(WHAT TO PRODUCE) Output each record below exactly, leaving any picture out of the copy.

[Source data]
Start of Block

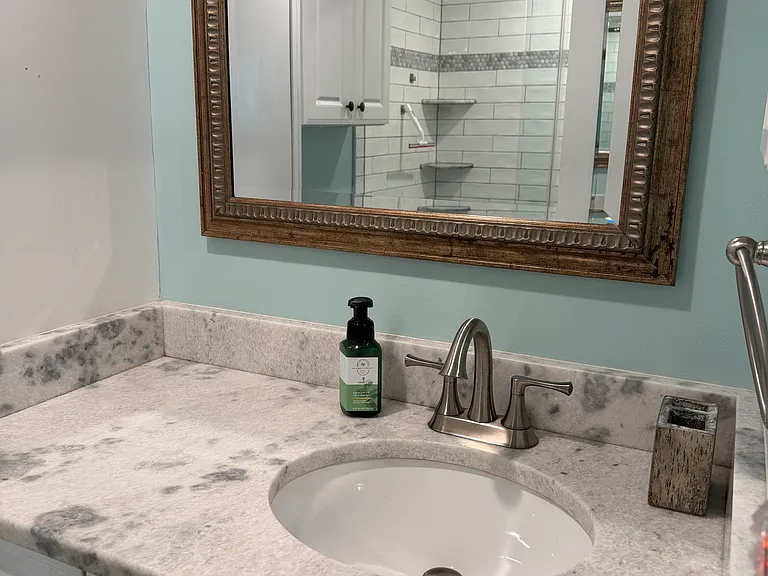 Primary bath with new walk in shower. Marble counter.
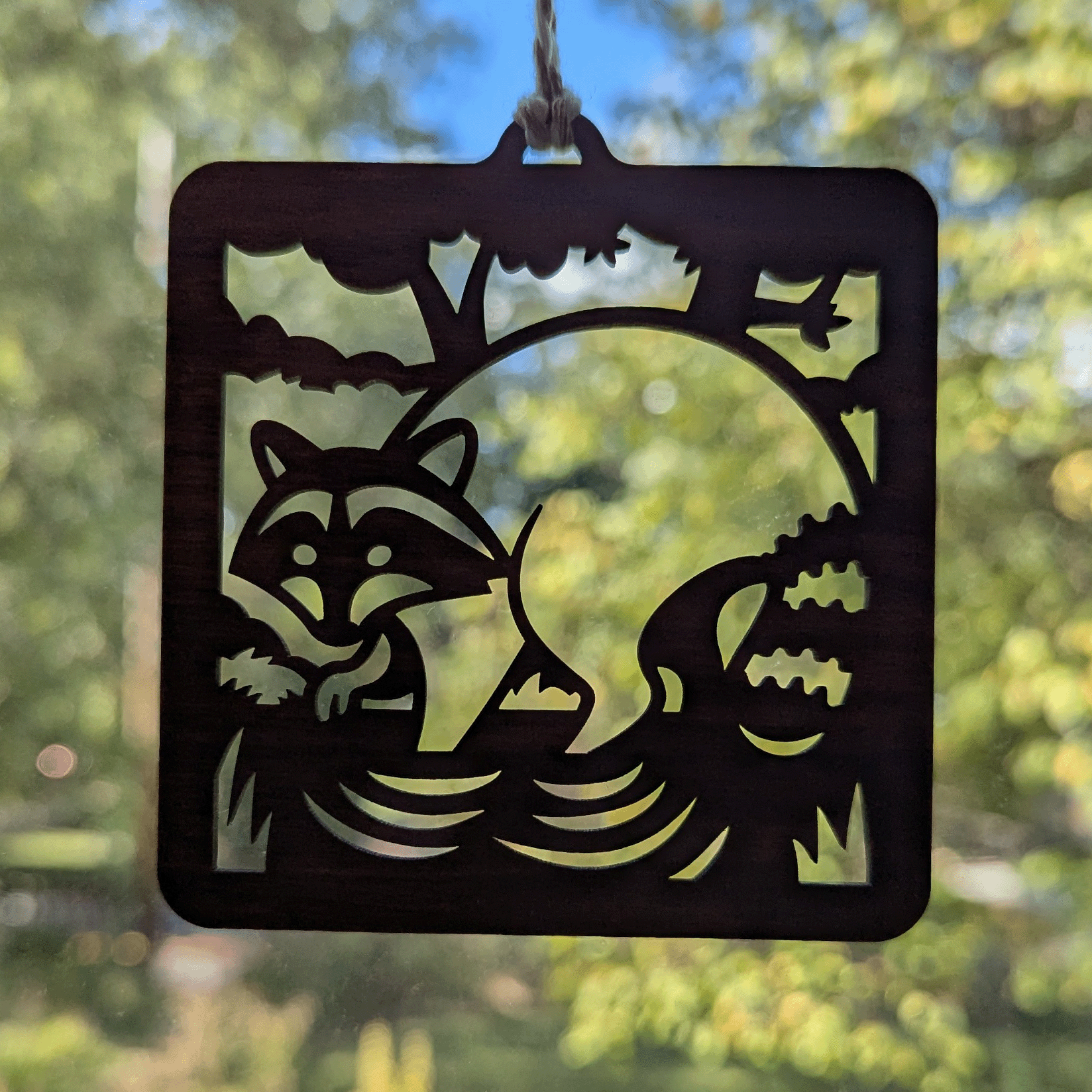 A square wooden ornament of a raccoon in a stream hanging in a window.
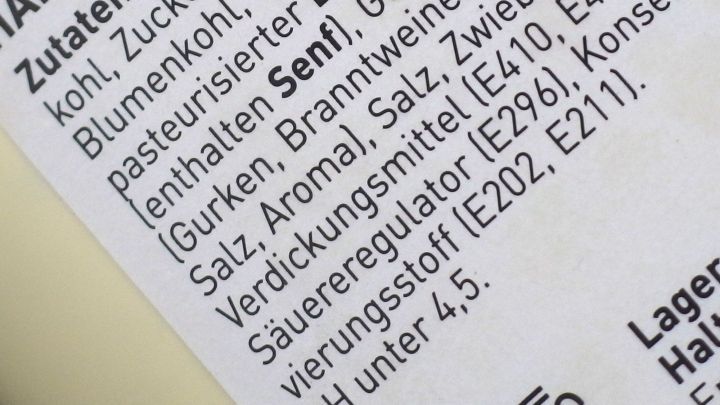 Ein Etikett zeigt Zutaten und Informationen, das Kleingedruckte enth&auml;lt Details zu Senf und Konservierungsstoffen.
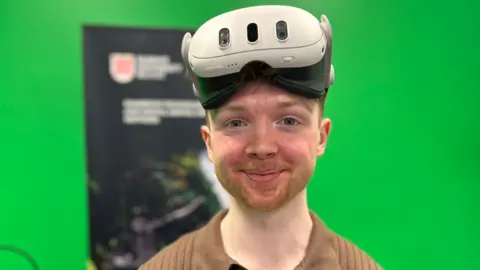 A man with red facial hair and wearing a white VR headset smiles at the camera. He is wearing a brown shirt. He is standing in front of a Queen's University Belfast banner and a green screen.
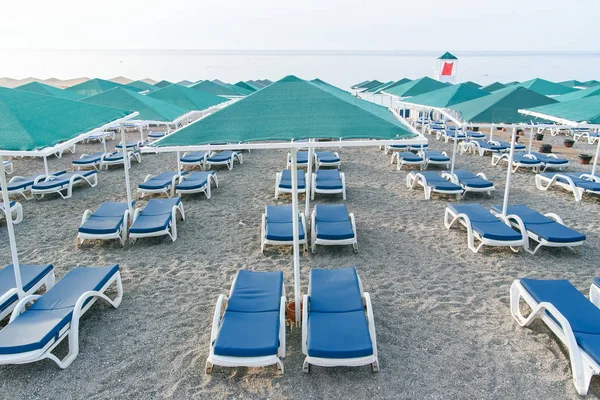 Muchas tumbonas de plástico y sombrillas en la playa al amanecer. Concepto vacaciones de verano . — Foto de Stock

End of Block

(SOLUTION TO THE EXERCISE)
 Primary bath with new walk in shower. Marble counter.
 A square wooden ornament of a raccoon in a stream hanging in a window.
 Ein Etikett zeigt Zutaten und Informationen, das Kleingedruckte enth&auml;lt Details zu Senf und Konservierungsstoffen.
 A man with red facial hair and wearing a white VR headset smiles at the camera. He is wearing a brown shirt. He is standing in front of a Queen's University Belfast banner and a green screen.
 Muchas tumbonas de plástico y sombrillas en la playa al amanecer. Concepto vacaciones de verano . — Foto de Stock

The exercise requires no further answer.